How the disavowal exception trashed a patent infringement claim
Courts in infringement cases construe terms in patent claims by their plain and ordinary meaning — usually. As the patentee in Poly-America, L.P. v. API Industries, Inc., learned the hard way, the Federal Circuit doesn’t take that approach when the disavowal of claim scope applies.
Trial court tosses case
Poly-America owns a patent for “an improved construction of an elastic drawstring trash bag.” A main feature of the invention is the use of inwardly extended “short seals” in the upper corners of the bag that reduce the width of the bag’s upper opening. When coupled with elastic drawstrings, the narrowed opening allows the drawstrings to wrap around the rim of a trash receptacle more securely than previous trash bags (or “prior art”) that lack a narrowed upper opening.
Poly-America sued API Industries for infringement of the patent. The trial court interpreted “short seal” to mean a seal for securing the elastic drawstring that extends inwardly from the interior edge of the bag’s side seal. Under this interpretation, API’s bag didn’t infringe the patent because its short seals didn’t extend inwardly.

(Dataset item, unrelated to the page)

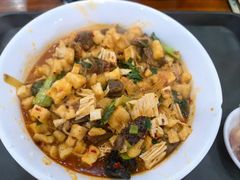 -清真·马洪小炒泡馍馆(钟楼回民街店)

After the trial court ruled in API’s favor, Poly-America appealed. It argued that the court erred by interpreting “short seal” to require the limitation of an inward extension that reduces the upper width of the trash bag.
Bottom falls out
As the Federal Circuit noted, patent claim terms generally are given their ordinary and customary meaning — that is, the meaning they would have to a “person of ordinary skill” in the relevant area at the time of the invention. But courts depart from a patent’s plain and ordinary meaning when the inventor “disavows” the claim’s full scope by narrowing terms in the patent’s claims through intrinsic evidence contained in the patent’s specification or during patent prosecution. The standard for disavowal, whether in the specification or during prosecution, requires “clear and unequivocal” evidence that the invention includes or doesn’t include a particular feature.

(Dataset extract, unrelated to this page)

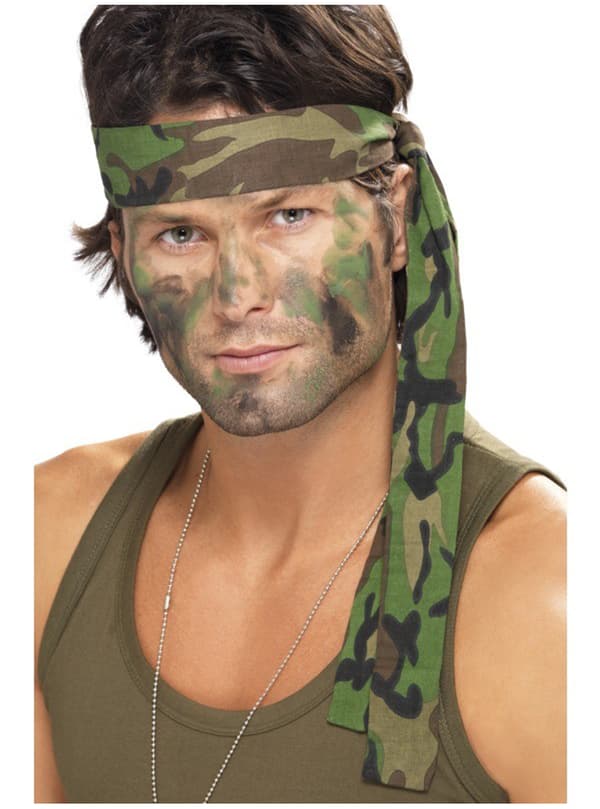 Militærhårbånd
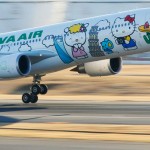 Eva Air / Hello Kitty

Although the disavowal must be clear and unequivocal, it doesn’t need to be explicit. For example, an inventor could disavow claims lacking a particular feature when the specification describes “the present invention” as having that feature.
In this case, Poly-America’s patent specification included just such language, stating that “one of the characteristics of the present invention is a reduction in upper width … resulting from the extended short seals.” The court found this to be a clear statement describing a characteristic feature of the invention.
The court observed that a patentee also can disavow claims lacking a particular feature when the specification distinguishes or disparages prior art based on the absence of that feature. The patentee’s specification stated that prior art bags are difficult to secure over trash receptacle lips and that the extended short seals reduce the bag’s upper opening, making it easy to fit around a trashcan.
Open and shut
The appellate court’s decision provides an illustration of the importance of careful patent drafting. Unfortunately, Poly-America’s own patent language ended up sealing its fate.
Poly-America, L.P. v. API Industries, Inc., No. 16-1200, Oct. 14, 2016 (Fed Cir.)